All of us find our path, are preferred process. And it’s all over the map. You now have some new tools and options to find yours.
If only a percentage of this sticks, it’ll be worth both our efforts.
Even a small percentage. If you do only one thing better, you’ve moved toward your goal. There’s more, but take what’s clear to you and keep wrestling with what isn’t. It’ll come.
If you are suddenly more aware, even if not totally confident with these principles — aware of what’s necessary, what’s possible and what’s missing in your story or what’s may be compromising your process — that, too, is a win for both of us.
You started with an intention: write a NaNoWriMo novel.
I’ve suggested you jack up that intention by moving toward a process that will result in a novel that is actually structurally and dramatically viable, rather than a rock pile of 50,000 words that are grouped, perhaps, into coherent sentences, but took a left turn somewhere around page 40 and ended up being… a bit of a mess.
That’s a better goal. A higher goal. Do that, and you’ll really have won NaNoWriMo.
Will you publish it? Who knows. You can do all this perfectly right and the story may not resonate with agents, editors or readers. The magic ingredient is a mash-up of compelling ideas and fluid voice, timing, and a lot of luck.
If it works… celebrate. If it doesn’t, I’ll wager you’ll now know why.
Either way, then go on to the next, applying what you’ve learned. That’s the long view for all of us who do this.
A few things I won’t back off of:
You need a vision for the story. Starting with a mind that is as blank as the first page is… not good. Not doable. Not smart. Even as you fill in those blank pages from your still-blank but hopeful, experimenting mind, you’ll eventually have to end up working from a vision for a story, and the overwhelming odds are you’ll need to start over when you get there, if you expect a readership.
You’ll need a conceptual stage for a dramatic confrontation between something the hero wants or needs and something that stands in the hero’s way… and you need an ending to shoot for.
If I could wish one thing for you in November, it’s that start your manuscript with these things (what we examined in this series) solidly in mind as you write your story.
Even just that will allow you to harness your instinct — as well as whatever stuck to the wall here — toward the writing of a real story, with a real future.
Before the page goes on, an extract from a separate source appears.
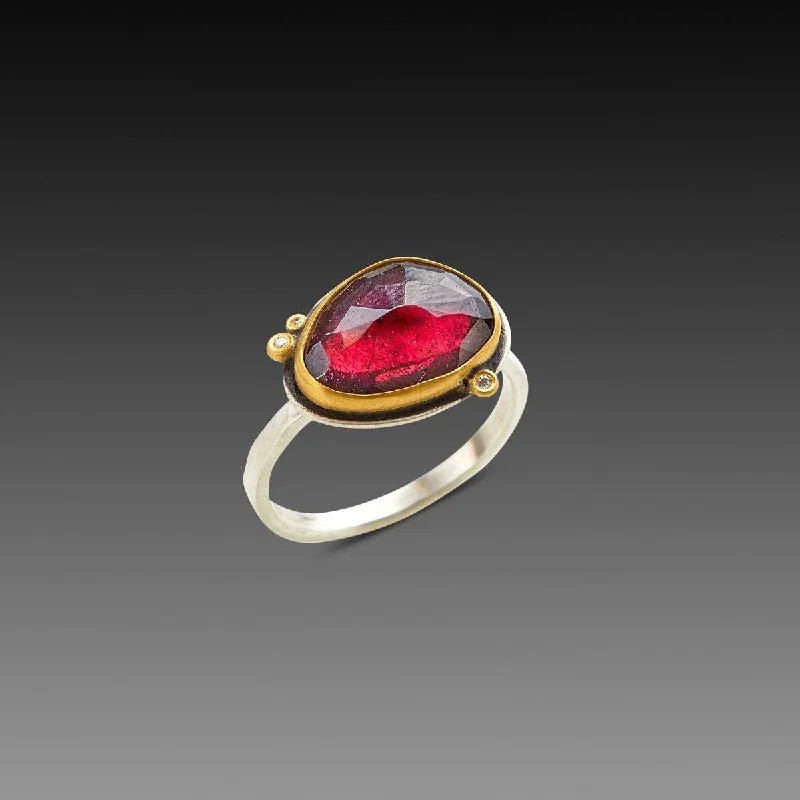 bohemian stackable rings -Rose Cut Rhodolite Garnet Ring with Three Diamonds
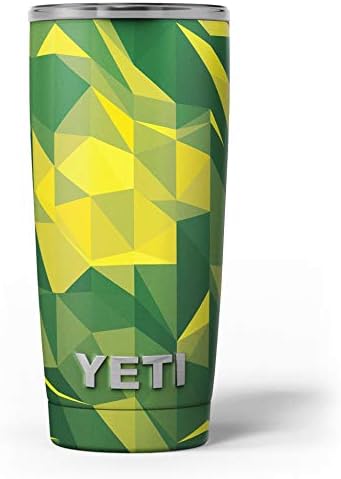 Дизајн Скинц зелени и жолти геометриски форми - Комплет за винил за завиткување на кожата, компатибилен со чашите за ладилни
Less than that… it’s gonna be a long month.
So please don’t over-think this.
If what you’ve encountered here makes sense, then by all means bolt it to your end-game and adapt your process accordingly. If you’re struggling — and it’s reasonable that you may be — just know that merely having encountered these principles will have a subtle effect on your storytelling sensibilities.
It’s like riding your first bicycle… you’ve watched the other kids do it… but did Dad’s verbal instruction really make it happen? Or was it some combination of the principles and your learning curve, resulting in a new instinct and sensibility?
That’s all it ever is… storytelling sensibility. And we should use all the paradigms and principles and processes (three key Ps) we can get to ratchet them up.
We’re not done. I’m still going to offer up some final beat sheet tips and talk about how to turn the corner from planning to actual drafting. These things, too, are complex and challenging, and often defy instinct.
Until then… let it all swim in your head.
If it wakes you up at night… welcome to writing novels. It should. This is hard.
And, this is worth it. Especially if you go about it in an enlightened way. If you’ve read this far, I’m betting that you will.